TASK:
Reproduce exactly, leaving out pictures, each line from the one holding "Root + Branch Infiltrator Root" through the final line of the listing, and add nothing.
======== DATASET SECTION
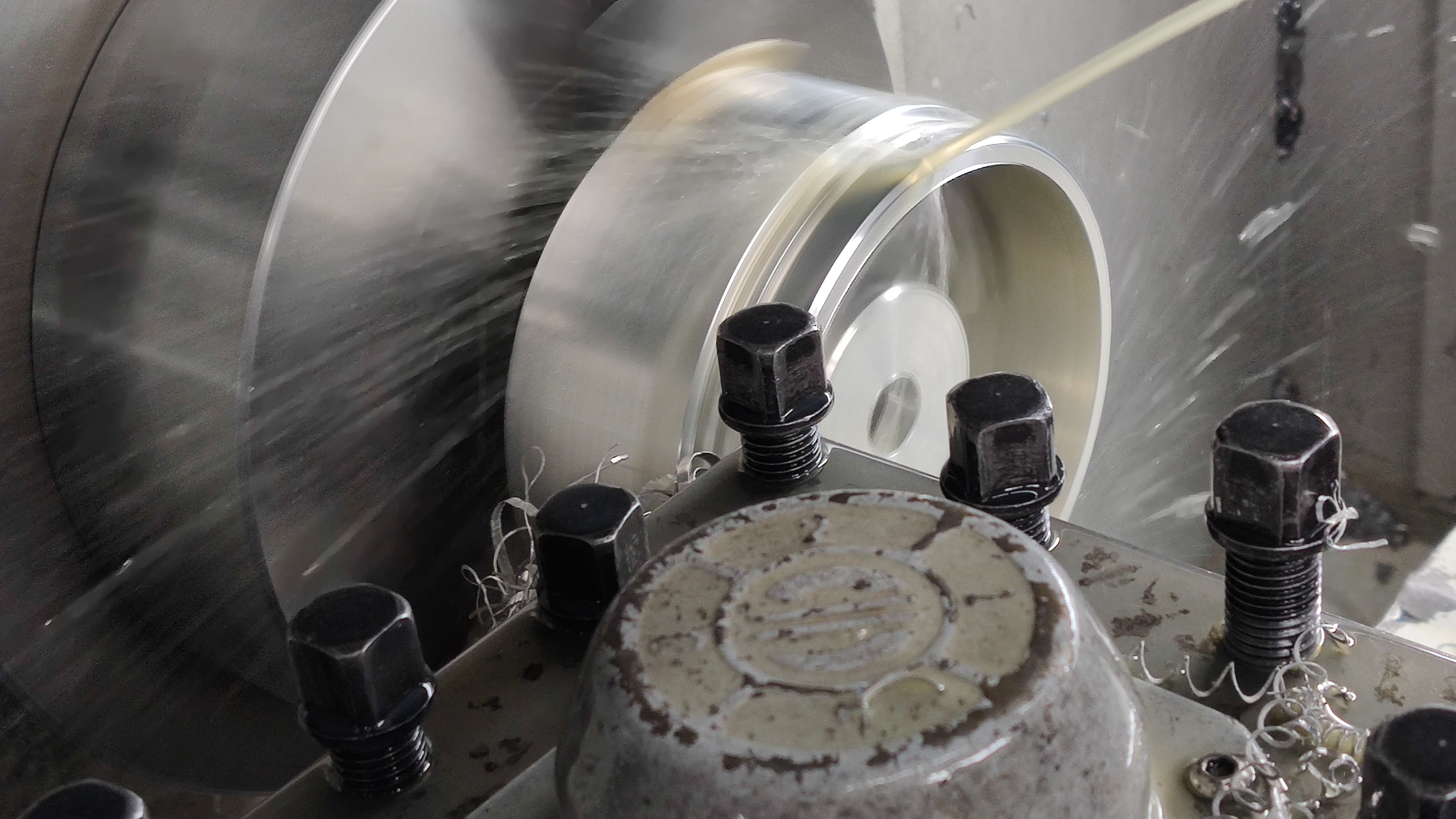 Usoro CNC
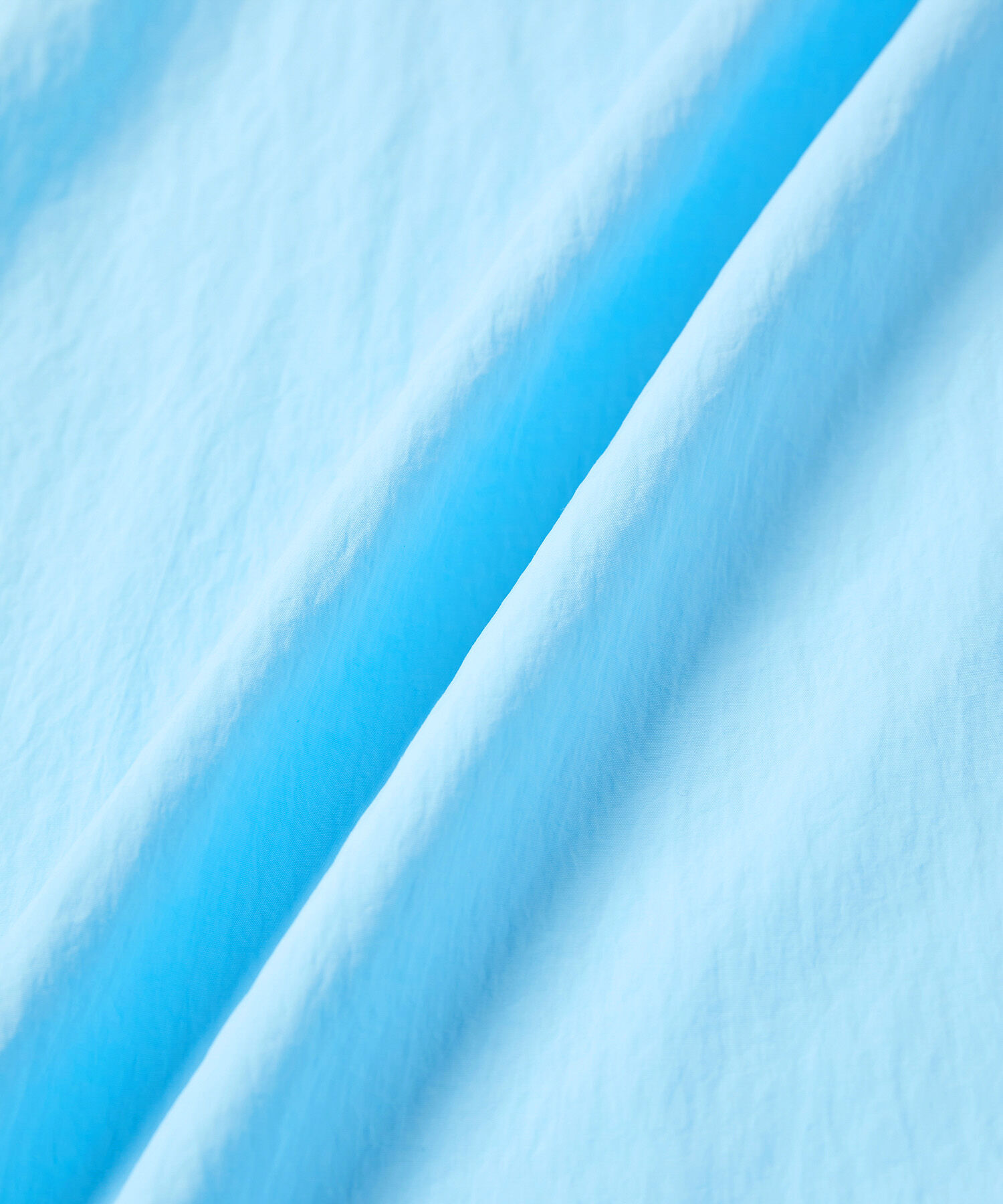 ADAM ET ROPE'「撥水ナイロンイージーパンツ」|チノ|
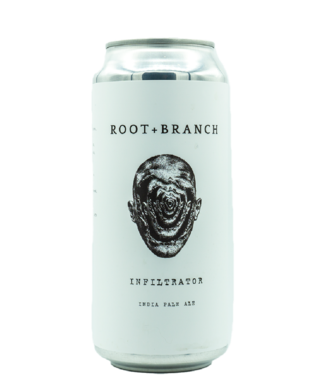 Root + Branch Infiltrator Root + Branch Infiltrator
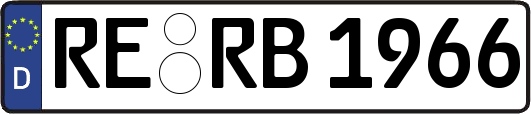 RE-RB1966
================
EXERCISE SOLUTION:
 Root + Branch Infiltrator Root + Branch Infiltrator
 RE-RB1966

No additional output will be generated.